= AIM OF THE EXERCISE =
All of the data goes into your copy exactly as written. Images do not.

= EXERCISE DATA =
--------------------

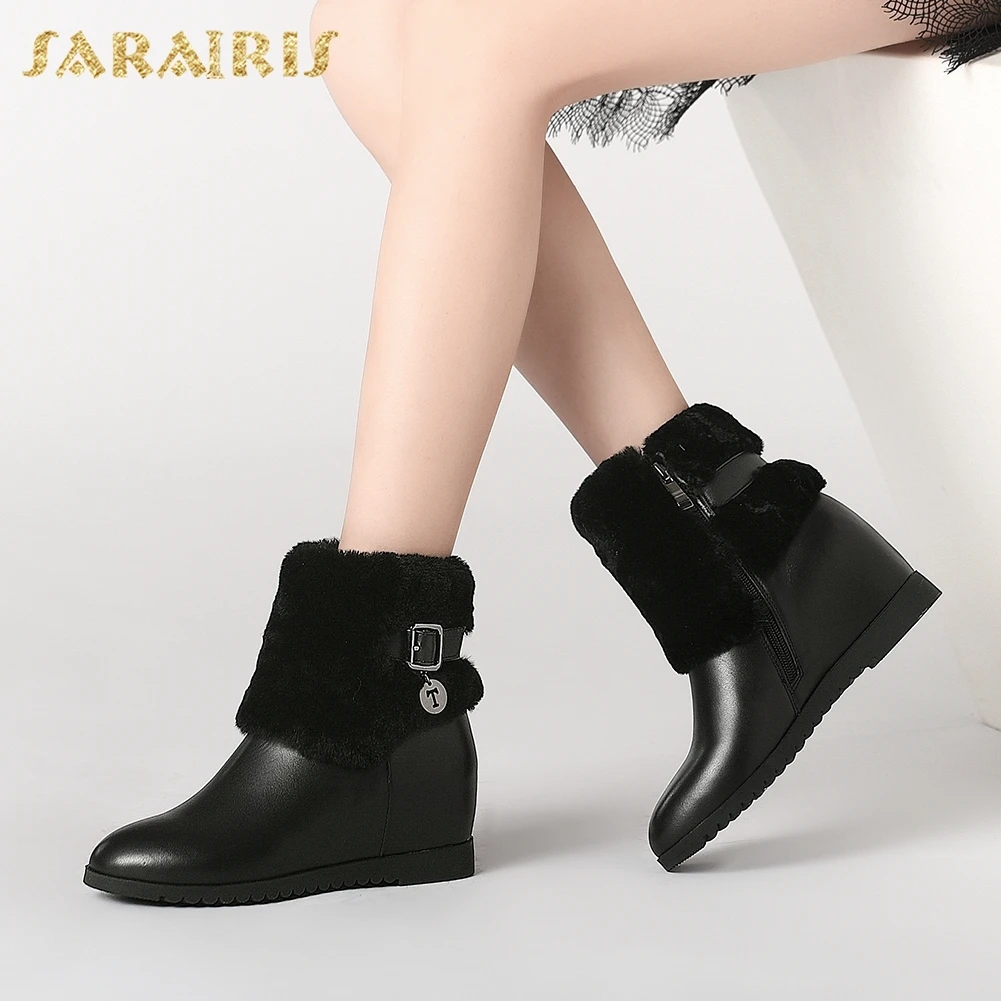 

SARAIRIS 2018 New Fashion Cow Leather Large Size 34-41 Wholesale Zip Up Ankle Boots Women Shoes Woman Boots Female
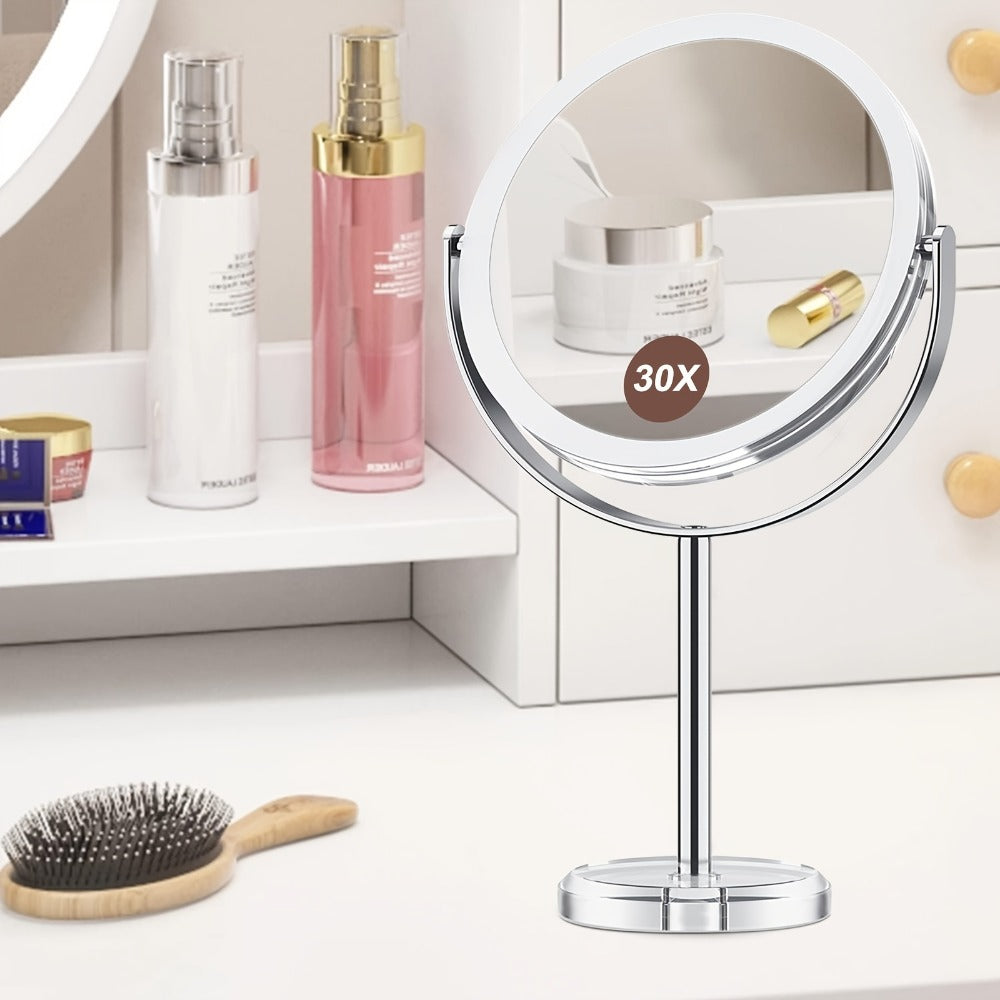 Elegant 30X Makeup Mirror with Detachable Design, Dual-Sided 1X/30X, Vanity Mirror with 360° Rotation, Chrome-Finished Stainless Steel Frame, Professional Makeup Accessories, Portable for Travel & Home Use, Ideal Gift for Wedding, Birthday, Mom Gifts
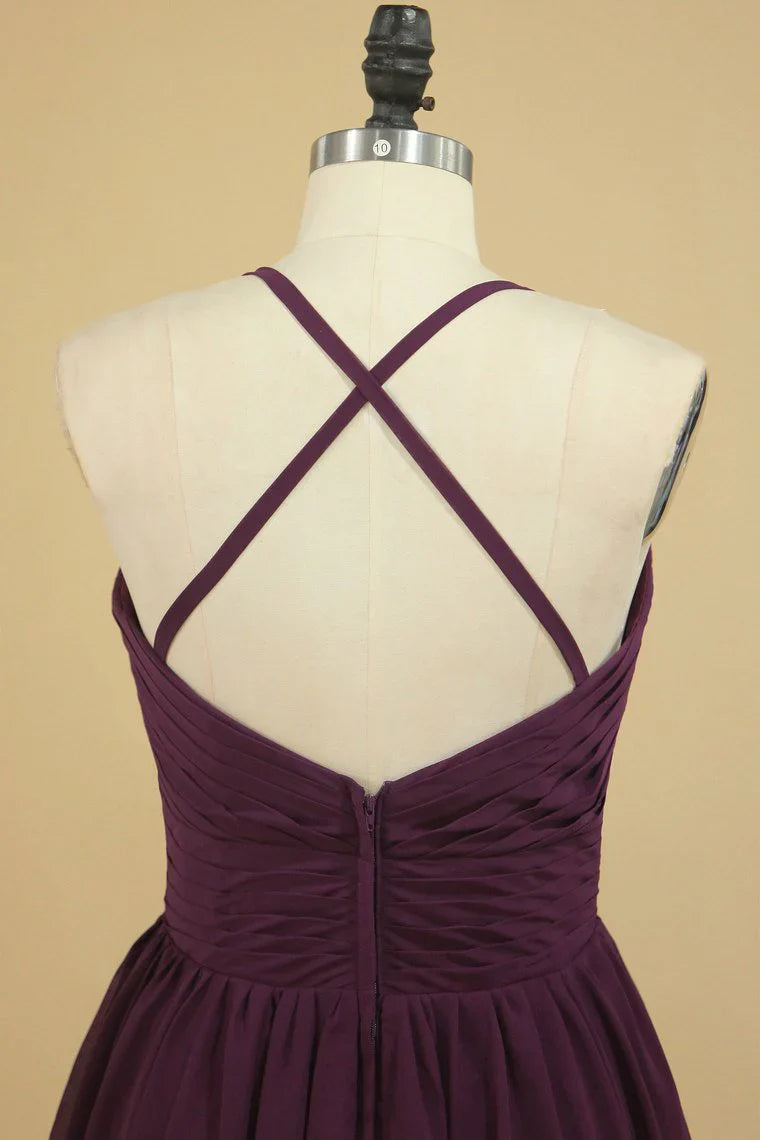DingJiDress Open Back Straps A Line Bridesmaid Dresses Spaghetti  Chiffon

--------------------

= RESPONSE TO THE EXERCISE =
SARAIRIS 2018 New Fashion Cow Leather Large Size 34-41 Wholesale Zip Up Ankle Boots Women Shoes Woman Boots Female
 Elegant 30X Makeup Mirror with Detachable Design, Dual-Sided 1X/30X, Vanity Mirror with 360° Rotation, Chrome-Finished Stainless Steel Frame, Professional Makeup Accessories, Portable for Travel & Home Use, Ideal Gift for Wedding, Birthday, Mom Gifts
DingJiDress Open Back Straps A Line Bridesmaid Dresses Spaghetti  Chiffon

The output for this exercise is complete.